» The data

....

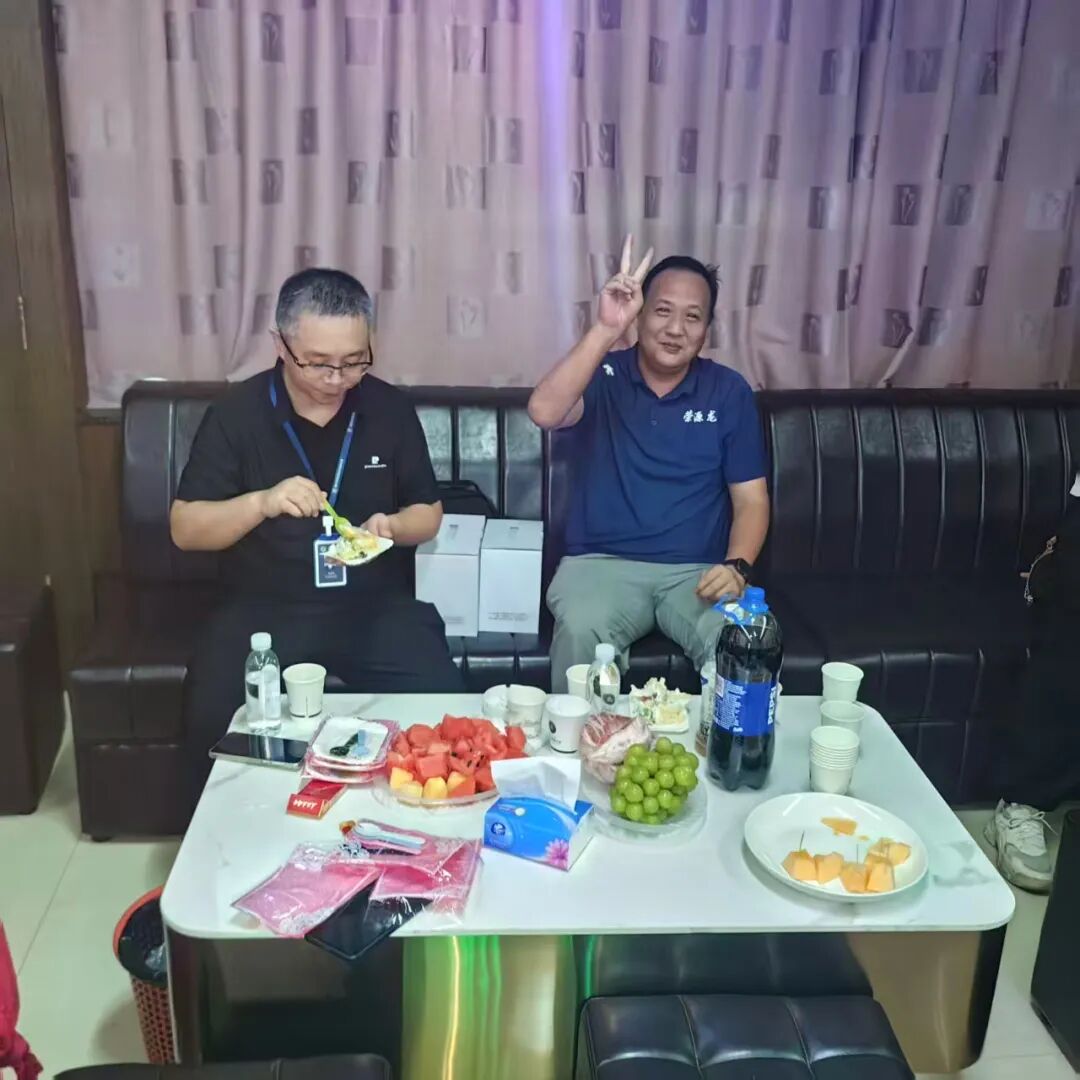 暖聚荣源龙,生辰乐相伴|荣源龙高级中学 7-9 月教职工生日会温情落幕 暖聚荣源龙,生辰乐相伴|荣源龙高级中学 7-9 月教职工生日会温情落幕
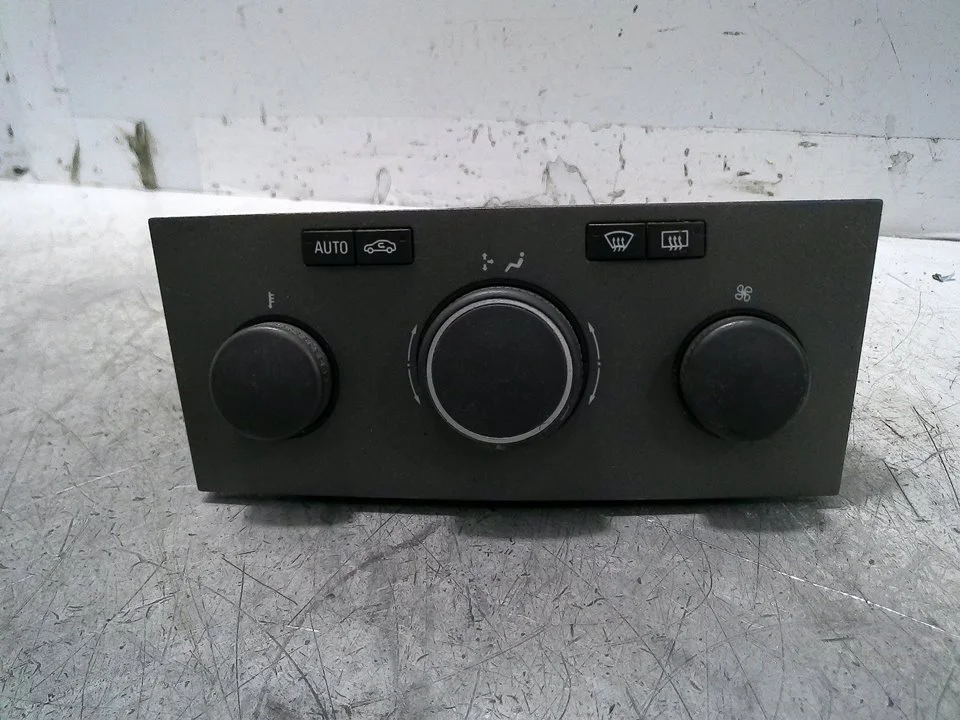 Foto de MANDO CALEFACCION / AIRE ACONDICIONADO OPEL ASTRA H BERLINA 1.7 16V CDTI (101 CV / 74 KW) referencia 13122963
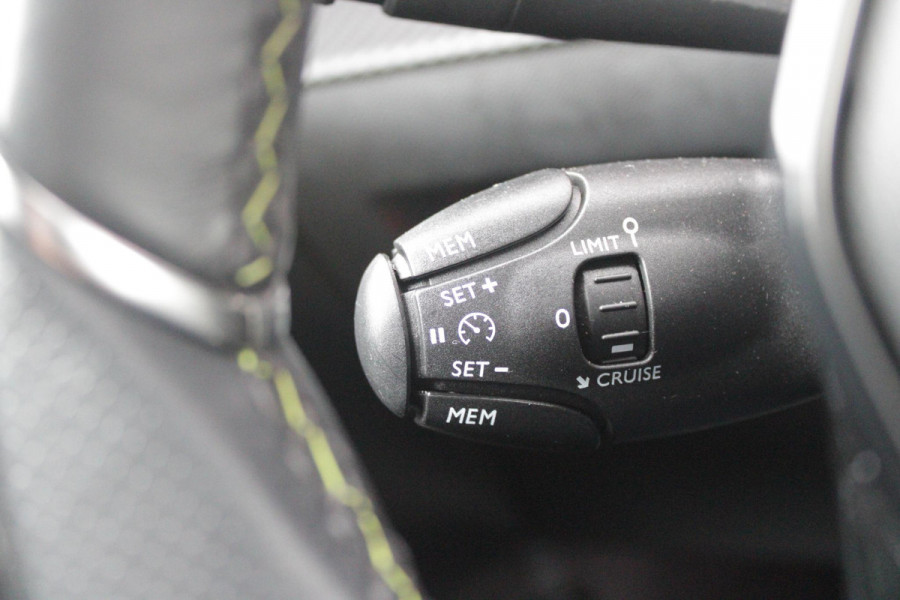 Peugeot e-208 EV GT 136PK 50 kWh | NAVIGATIE 10" TOUCHSCREEN | APPLE CARPLAY/ANDROID AUTO | PARKEERSENSOREN VOOR + ACHTER | ACHTERUITRIJ CAMERA | FULL LED KOPLAMPEN | 17" LICHTMETALEN VELGEN | CLIMATE CONTROL | CRUISE CONTROL | DAB+ RADIO | REGEN/LICHT SENSOR | SNELLAAD FUNCTIE | ALL SEASON BANDEN |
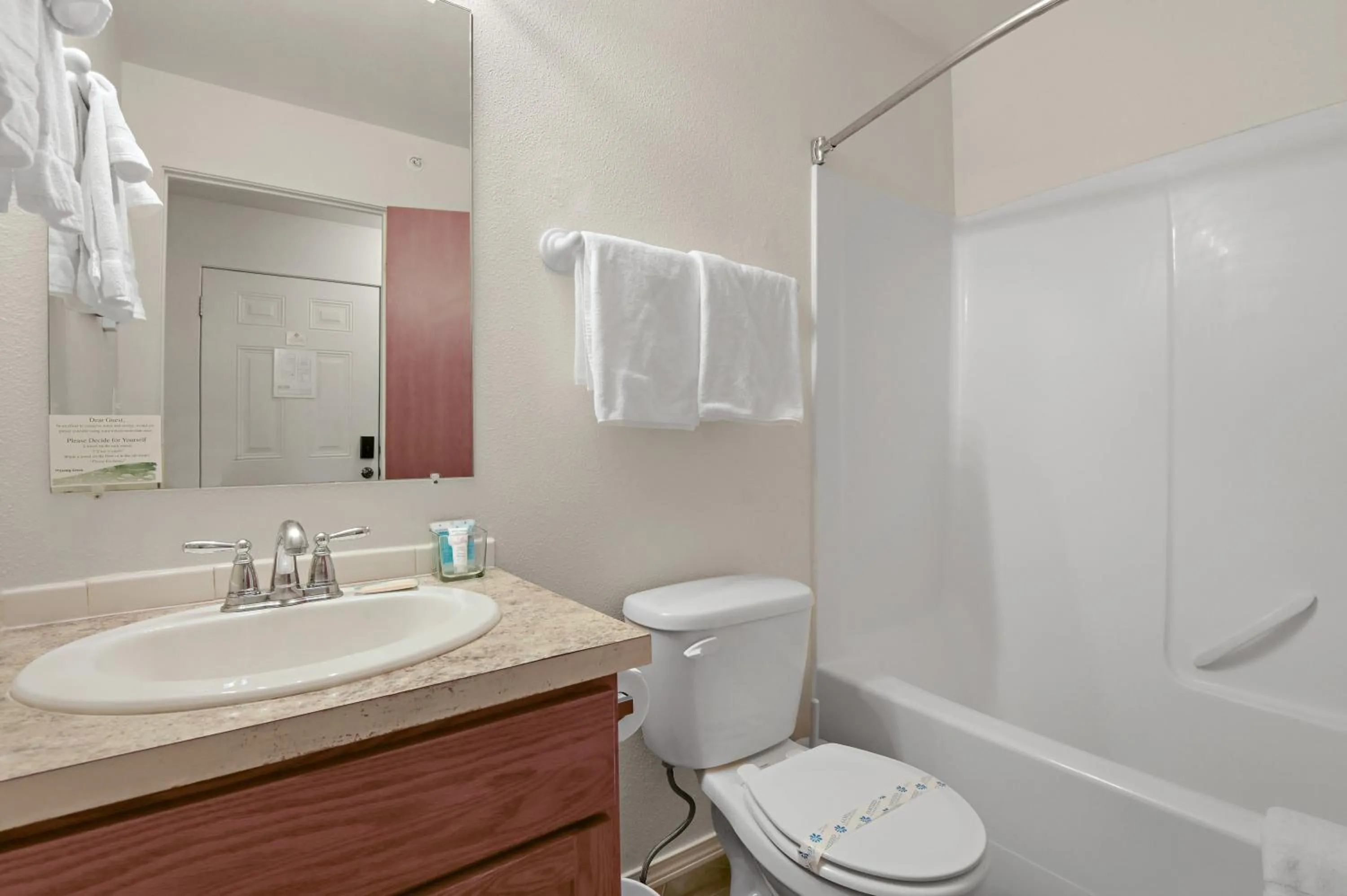 Bathroom in Maple Leaf Manor Suites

....

» Required action
Write out, exactly as they appear, the lines from the one containing "Foto de MANDO" through the end of the material above, excluding pictures.

» Response
 Foto de MANDO CALEFACCION / AIRE ACONDICIONADO OPEL ASTRA H BERLINA 1.7 16V CDTI (101 CV / 74 KW) referencia 13122963
 Peugeot e-208 EV GT 136PK 50 kWh | NAVIGATIE 10" TOUCHSCREEN | APPLE CARPLAY/ANDROID AUTO | PARKEERSENSOREN VOOR + ACHTER | ACHTERUITRIJ CAMERA | FULL LED KOPLAMPEN | 17" LICHTMETALEN VELGEN | CLIMATE CONTROL | CRUISE CONTROL | DAB+ RADIO | REGEN/LICHT SENSOR | SNELLAAD FUNCTIE | ALL SEASON BANDEN |
 Bathroom in Maple Leaf Manor Suites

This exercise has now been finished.